18. The plaintiff has averred in the plaint that he let out the suit property to tenants from time to time. No documents in support of this bald plea have been placed on record. On the contrary, the defendant nos. 1 and 2 have placed on record the rent agreement dated 12.01.2015 executed by late sh. S.K. Zaman with the tenant which was witnessed by the plaintiff. As noted above, the plaintiff has not disputed the said rent agreement and has deemed to have admitted the same under the Original Side Rules.

19. Thus, the bald plea in the plaint that the plaintiff has been in possession of the suit property since 2007 are not even proved prima facie from the documents annexed with the plaint; on the contrary the said plea of the plaintiff is falsified by the undisputed documents filed on record by the defendants.

20. The plaintiff is bound by his undisputed pleadings made in I.A. NO. 38668/2024 filed in CS (OS) 113/2023 for impleadment in the said suit, Ms. Hena Lamba, Advocate wherein the plaintiff has stated that he entered into possession of the suit property in the year 2015 and this was done in furtherance of the MoU executed in 2012. Claim of the plaintiff for declaration of ownership

21. In this background this Court proceeds to examine the maintainability in law of the plaintiff’s claim that he is entitled to a decree for declaration of ownership of the suit property.

22. The plaintiff has relied upon three facts for asserting ownership; (a) the plaintiff alleges that he advanced a loan of Rs. 25,00,000/- to late Sh. S.K. Zaman and it was this loan amount which was used by late Sh. S.K. Zaman for purchasing the suit property; (b) as late Sh. S.K. Zaman allegedly failed to repay the said loan amount thus the plaintiff took possession of the suit property; and (c) since then the plaintiff has represented himself as the owner of the suit property.

23. This Court is of the view that firstly, no document evidencing advancement of the alleged loan of Rs. 25,00,000/- to late Sh.

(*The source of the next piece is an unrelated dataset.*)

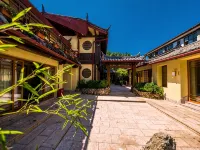 Mulanyu Tangsu Hotel Hotels in Lijiang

S.K. Zaman has been placed on record by the plaintiff. No material particulars of the alleged loan have been placed on record. The said fact is capable of being proved by documents and the absence of any such documents with the plaint, fails to give any credence to this plea. Secondly, assuming such a loan was advanced and the said loan amount remained unpaid, even, this fact by itself would not afford any legal basis for the plaintiff herein to seek a declaration that he has become the owner of the suit property.

24. In I.A. 38668/2024 the plaintiff herein has alleged that he entered into possession of the suit property in furtherance of the MoU. However, the said MoU does not pertain to the suit property and does not record any such permission to the plaintiff to occupy the suit property.

25. The plaintiff has not pleaded any agreement of transfer between late Sh. S.K. Zaman and himself; and assuming there was such an agreement the plaintiff has not sought any specific performance of the agreement.

26. In the plaint, the plaintiff at paragraph nos. 4 and 5 has averred that he has been in peaceful, open and continuous possession of the suit property. The plaintiff has, however, not raised any plea of adverse possession qua the true owner in the plaint, which is the sine qua non. The relevant paras of the plaint read as under: “4. Mr. Zaman assured the plaintiff to repay the loan amount within 2 months but failed to repay the loan amount thereafter the plaintiff took possession of the suit property around January 2007 and since then the plaintiff has had possession over the suit property.

5. After taking possession of the suit property, the plaintiff represented himself as the owner of the suit property and also published an advertisement in the yellow page magazine "The Winner" and daily newspaper to sell the suit property. Therefore, the plaintiff has had peaceful, open and continuous possession of the suit property for around 17 years. …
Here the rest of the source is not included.